*** Data excerpts ***

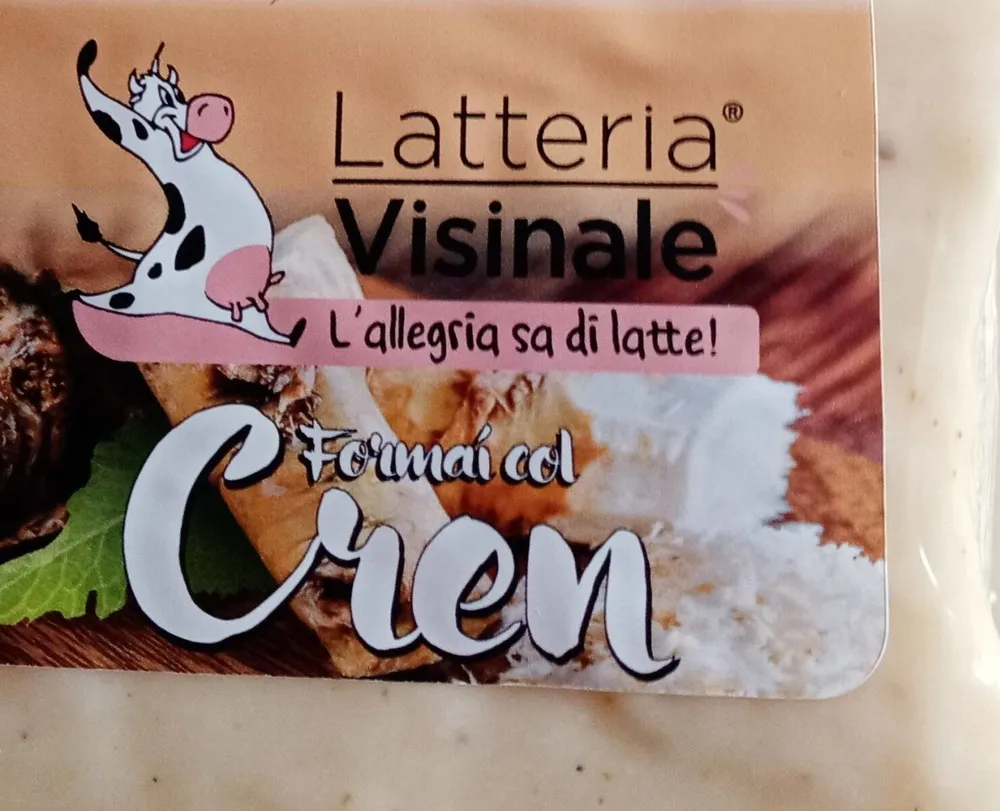 Firma col cren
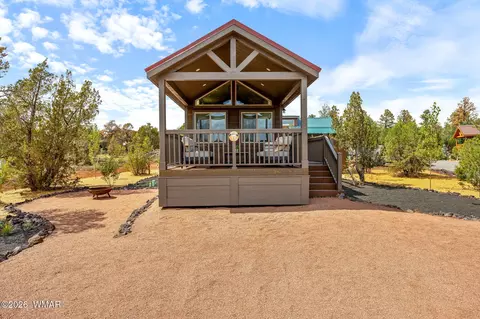 2746 Columbia Ln #8, Overgaard, AZ 85933 photo 3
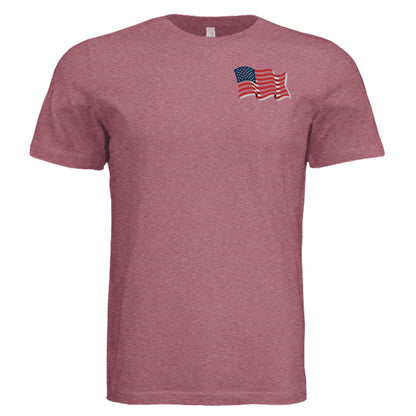 Polshirt - Wolfpack designs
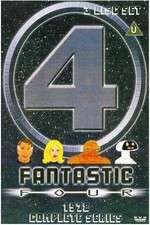 Watch The New Fantastic Four M4ufree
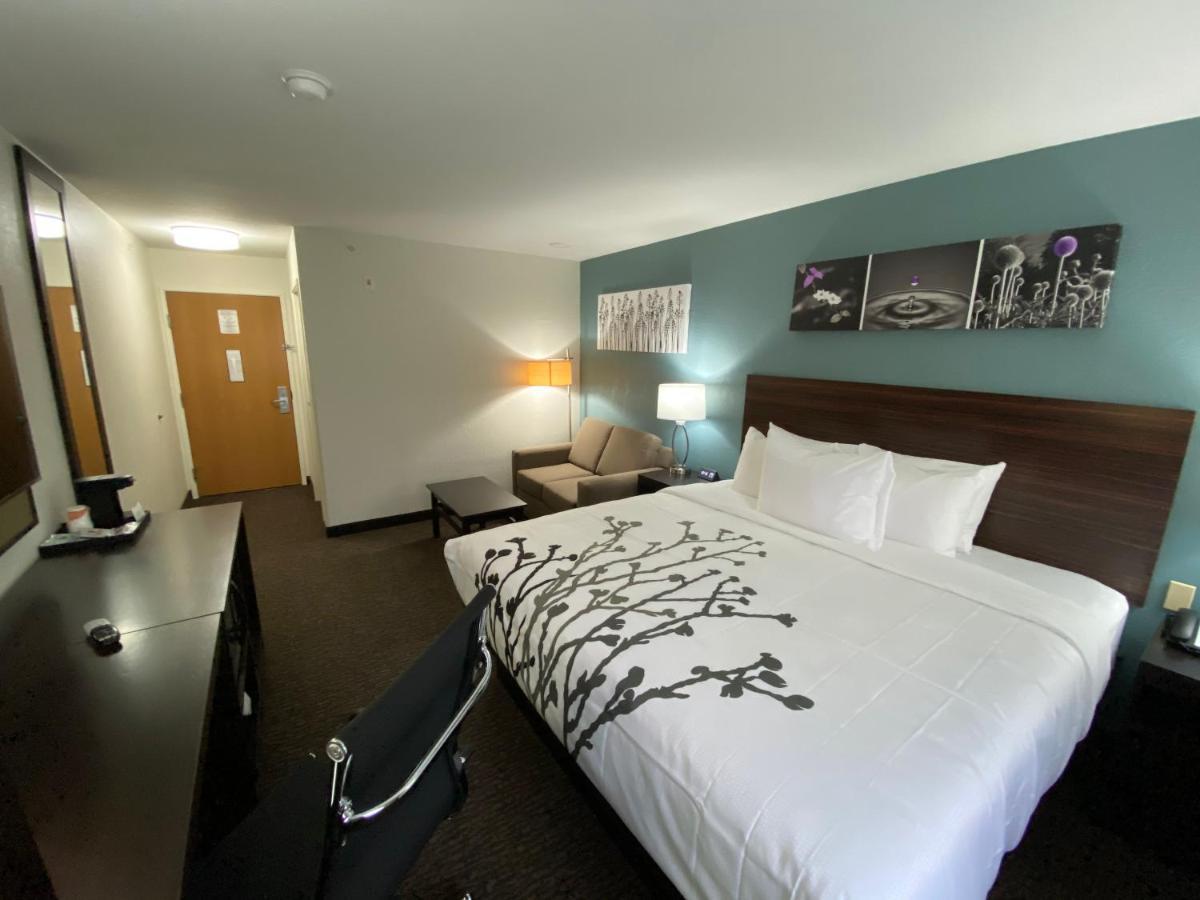 Sleep Inn St Robert-Fort Leonard Wood Сент-Роберт Екстер'єр фото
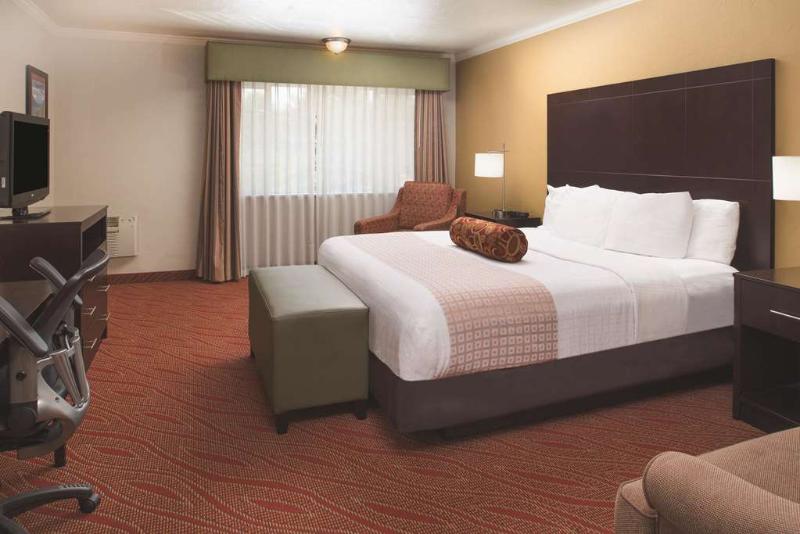 Hotel Best Western Plus Parkway Inn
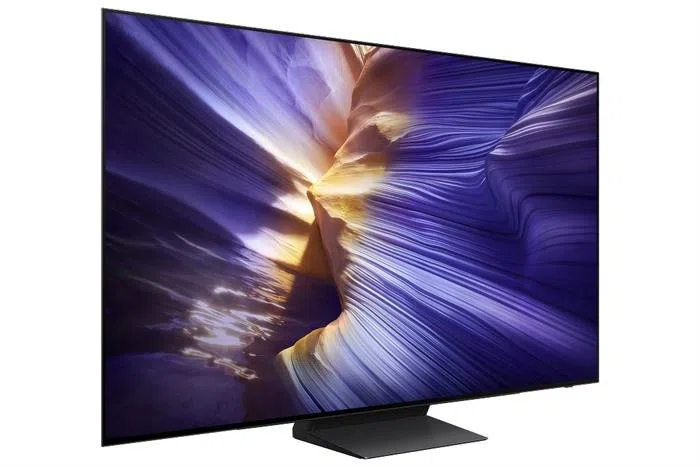 Smart Tivi OLED Samsung AI 4K 55 inch ( QA55S90F)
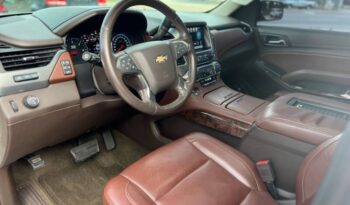 2016 Chevrolet Suburban full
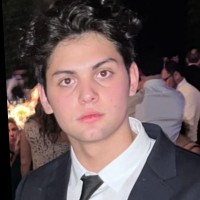 Seeri Employee Santino Manzoni's profile photo
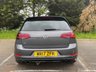 USED 2017 17 VOLKSWAGEN GOLF 2.0 R TSI DSG 3d 306 BHP STAGE 1 REMAP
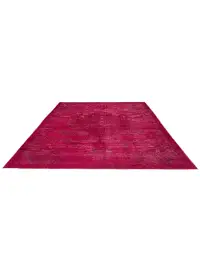 Violetti Persia Persialaiset vintage matot  335 x 236 cm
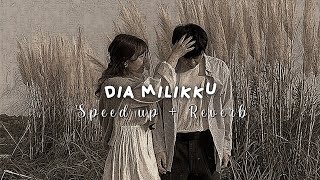 Download lagu Yovie & Nuno - dia milikku ( speed up reverb ) mp3 Download lagu Yovie & Nuno - dia milikku ( speed up reverb ) mp3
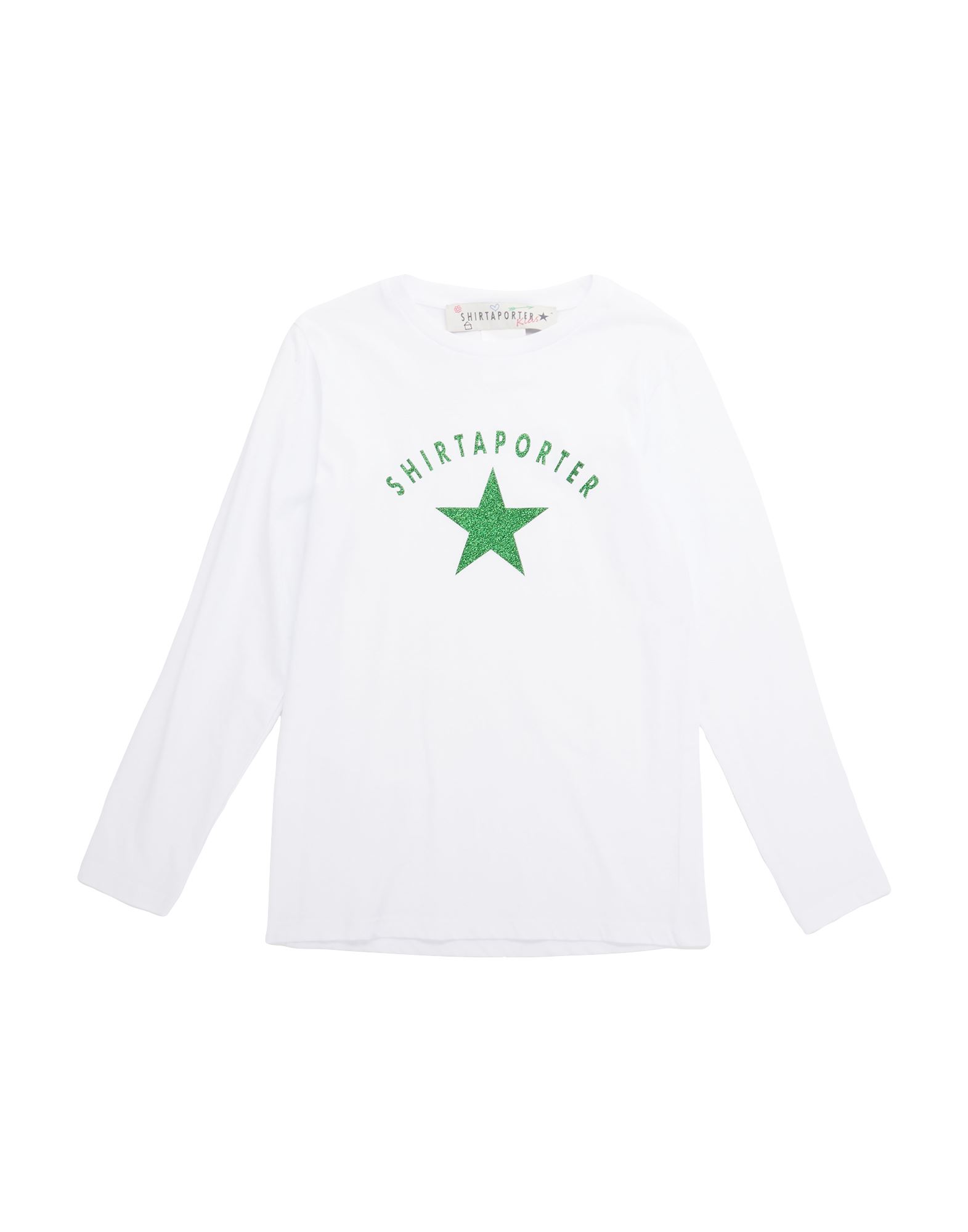 SHIRTAPORTER ΜΠΛΟΥΖΑΚΙΑ T-shirt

*** End of Data excerpts ***

= Exercise details =
The reply should hold exactly the lines above, starting at the line with "Watch The New Fantastic Four M4ufree" and ending at the line with "Violetti Persia Persialaiset", and no pictures.

= Exercise solution =
 Watch The New Fantastic Four M4ufree
 Sleep Inn St Robert-Fort Leonard Wood Сент-Роберт Екстер'єр фото
 Hotel Best Western Plus Parkway Inn
 Smart Tivi OLED Samsung AI 4K 55 inch ( QA55S90F)
 2016 Chevrolet Suburban full
 Seeri Employee Santino Manzoni's profile photo
 USED 2017 17 VOLKSWAGEN GOLF 2.0 R TSI DSG 3d 306 BHP STAGE 1 REMAP
 Violetti Persia Persialaiset vintage matot  335 x 236 cm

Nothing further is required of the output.